WHAT THE TASK REQUIRES:
Print the lines in the listing below that fall between the line with "When creating tariff" and the line with "Hey everyone and", those two lines included, exactly as they stand and with nothing else.

EXERCISE INPUTS:
#####

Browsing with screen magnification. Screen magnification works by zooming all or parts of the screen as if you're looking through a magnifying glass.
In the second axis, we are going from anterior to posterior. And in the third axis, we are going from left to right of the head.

#####

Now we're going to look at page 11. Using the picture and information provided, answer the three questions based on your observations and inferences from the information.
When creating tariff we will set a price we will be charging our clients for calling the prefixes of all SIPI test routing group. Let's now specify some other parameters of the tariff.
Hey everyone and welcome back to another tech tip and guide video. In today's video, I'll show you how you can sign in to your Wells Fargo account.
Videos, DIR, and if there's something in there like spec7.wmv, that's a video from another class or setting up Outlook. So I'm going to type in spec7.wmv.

#####

ANSWER FOR THIS EXERCISE:
When creating tariff we will set a price we will be charging our clients for calling the prefixes of all SIPI test routing group. Let's now specify some other parameters of the tariff.
Hey everyone and welcome back to another tech tip and guide video. In today's video, I'll show you how you can sign in to your Wells Fargo account.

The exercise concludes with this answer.